The person wearing this helmet lived.


Crushed equestrian helmet
The person who was wearing this helmet lived and suffered no injury to her brain. Imagine what could have happened if she had not been wearing an ASTM approved helmet. The rider who took this fall was an experienced equestrian riding a "steady Eddy" type of horse that she'd owned for years. It can happen to anyone.

For those who have asked more about the accident, this is all I know, but you can follow the story on the Chronicle of the Horse Forum on this thread.

I would also like to add that the rider in this accident was on her steady-eddy, been-there-done-that, 20-year-old, saint of a horse. She wasn’t carelessly tearing around on a green horse. It was a gorgeous day and she was just out popping over some small x/c fences when this happened. If it can happen to this pair, it can happen to anyone; hence, why we need to wear our helmets for every ride. No excuses . . . . her right collarbone that is broken, which would indicate the right side hit the ground first. She also has cervical fractures.


15 thoughts on “The person wearing this helmet lived.

  1. I was just curious if you knew how this helmet was damaged in the accident? This picture would scare the helmets back on the heads of may dressage people (among others!)

  2. I get after the people I ride with all the time and some still don’t believe me. I’ll show them this pic.
    Yesterday, I saw the actress Portia De Rossi (Degeneres) on Oprah setting a bad example by jumping her horse without a helmet.

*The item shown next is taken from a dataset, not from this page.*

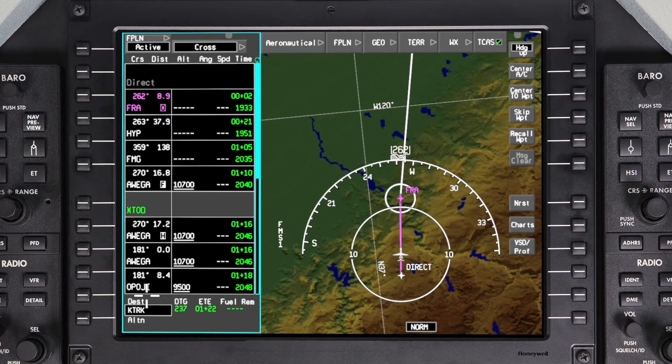When an orbit is inserted into a flight plan, the orbit icon — an O — is displayed next to the waypoint in the waypoint list.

    1. Maybe De Rossi should see this photo too! I don’t know why people have the “it can’t happen to me” mentality. It doesn’t matter of you’re a good rider. Accidents still happen.

      1. 10 feet tall and bullet proof – wake up people yes it can happen to you and probably will if you do something long enough

      2. You are correct — if you ride long enough, you will have falls and you may get hurt. After a lifetime of riding, I had a fall where I broke my left ankle, left collarbone and right knee (my horse fell). However, wearing a helmet can help prevent a TBI. It won’t make you bulletproof, but why not stack the odds in your favor?

  3. I’ve never ridden without a helmet and never will. I think and I’ve actually heard people say they won’t wear them because it messes up their hair. Imagine how “messy” her head would have been without that helmet. I hate it when celebrities do this sort of thing, it only glamorizes riding.

  4. Most people wear seat beltsin the event of an auto accident, why not a lid to protect the nogin???? Good for that rider, she/he is smart. Has nothing to do with the talent of the horse or rider, just common sense.

  5. I get so tired of helmet hair. Every single day my head sweats during my rides and poof, there goes the hair. Plastered flat. I never get tired of knowing it’s unlikely I’ll crack my skull (hey, a big positive!), and NO ONE will have to witness my skull cracking open because I wanted to have nice hair.

    I ride with a lot of people who choose not to wear helmets – I think the best we can do is put our convictions on our heads (especially around kids), and buy hot rollers. 😉

  6. Thank you for sharing this image.

    I’m going to forward it to a handful of people who need to see it!!

    Helmets save lives.

    I just think it’s unfortunate that people think if they’re on a “safe” horse or a horse they know well, that an accident won’t happen. Accidents are accidents.

    I’m glad the owner of this helmet decided to wear a helmet on this day!!


  7. Seeing pictures like this always reminds me of a casual friend who passed away two years ago after a freak accident while trail riding without a helmet. Ten days after the accident her brain activity completely ceased (because of several strokes while she was comatose). Her fiance had to take medical leave from the marines, and come home from Iraq. He got there just a day before she passed away.

    Her parents spent nearly the entire time at her side. Having to make the decision to pull her life support after she was functionally dead has to have been the hardest thing anyone around her ever experienced. I don’t fault her for not wearing a helmet; she never rode in any disciplines that required it, so it never really occurred to her that it might be good for things besides going over jumps. She was a great person, funny, personable, and a great soldier in the National Guard. We were never terribly close, but talked all the time in several classes.

    To think…it could have all been prevented with a helmet. It’s hard to think about.

  8. Just kidding! I don’t even do cross-country but when I’m just around a horse or pony pasture I still wear my helmet.